Ma la sfida rimane: bilanciare i due ruoli – quasi antitetici – dei monumenti religiosi, senza sacrificare la loro essenza di luoghi di culto. “Un’impresa particolarmente difficile – spiega Daniel Olsen, un professore della Brigham Youth University (Utah, Usa), che studia il turismo religioso –, perché il desiderio sarebbe quello di fare vivere ai turisti l’esperienza religiosa dei fedeli”. 
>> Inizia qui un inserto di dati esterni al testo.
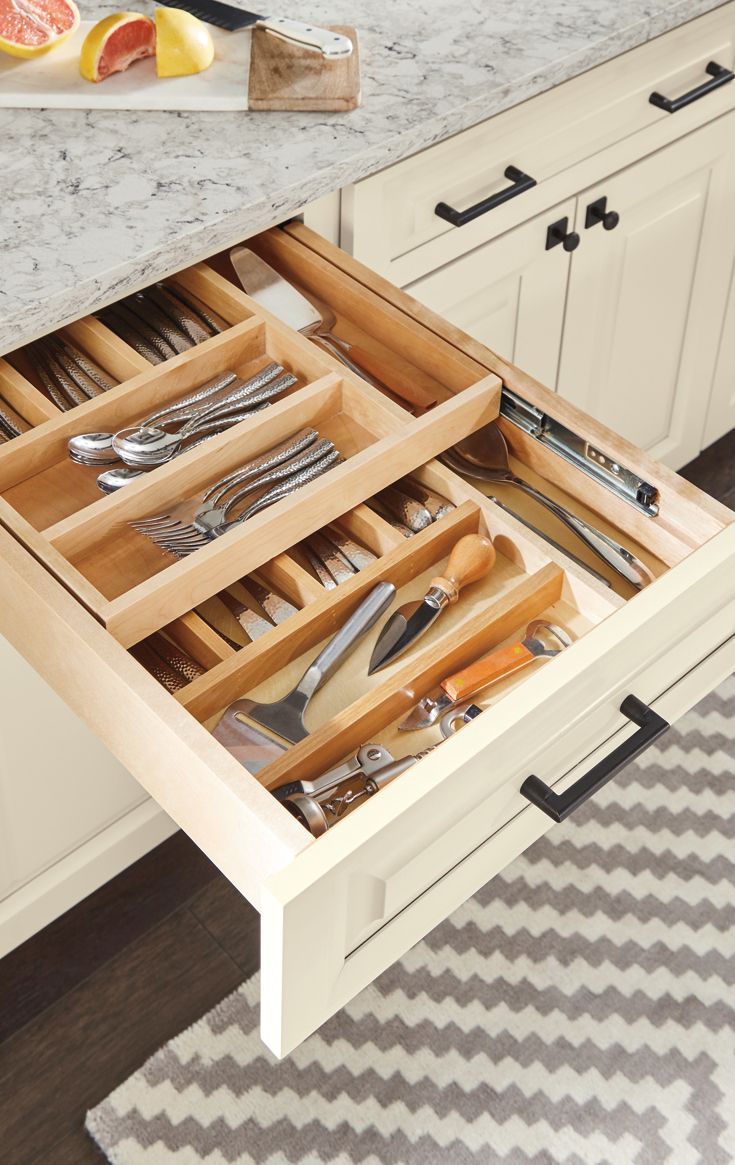 Drawer in a Drawer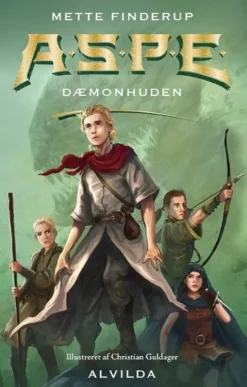 A.S.P.E. 1 - Dæmonhuden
Con 330 milioni di persone che visitano ogni anno i luoghi di culto, il turismo dei monumenti sacri è uno dei mercati più vasti dell’industria dell’ospitalità. In chiese che tendono ad avere un calendario di servizi religiosi più fitto rispetto alle parrocchie “normali”, cresce anche la frequenza di fedeli. I quali ovviamente devono avere accesso libero, al contrario dei turisti, che in molti casi pagano il biglietto, spesso indispensabile fonte per la salvaguardia del sito.

“Il tempio deve rimanere un luogo deputato ai servizi religiosi, non un parco a tema”, dice Joan Albaiges, dopo aver preso Messa nella Sagrada Familia, come fa regolarmente da 60 anni.  Albaiges ha apprezzato l’iniziativa adottata negli anni recenti di celebrare una messa multilingue, la domenica, nell’altare principale della svettante e colorata basilica. Senonché la domanda per gli 800 biglietti a costo zero è talmente elevata, che ogni domenica centinaia di persone non riescano ad entrare dopo aver fatto la coda – ammette lo stesso reverendo Turull.
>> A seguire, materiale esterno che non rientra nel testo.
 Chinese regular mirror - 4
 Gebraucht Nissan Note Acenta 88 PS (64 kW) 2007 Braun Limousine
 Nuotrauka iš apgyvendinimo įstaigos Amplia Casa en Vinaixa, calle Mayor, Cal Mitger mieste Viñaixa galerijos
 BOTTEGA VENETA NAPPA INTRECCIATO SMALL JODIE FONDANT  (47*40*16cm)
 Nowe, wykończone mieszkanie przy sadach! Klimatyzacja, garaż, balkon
I leader laici e religiosi sono convinti che le storie dei siti sacri dovrebbero essere raccontate a tutti gli ospiti, la cui familiarità con le tradizioni di fede decresce, in Paesi dove la rapida secolarizzazione porta sempre meno persone nei luoghi di culto di periferia, spesso chiusi, sconsacrati o riconvertiti ad altro.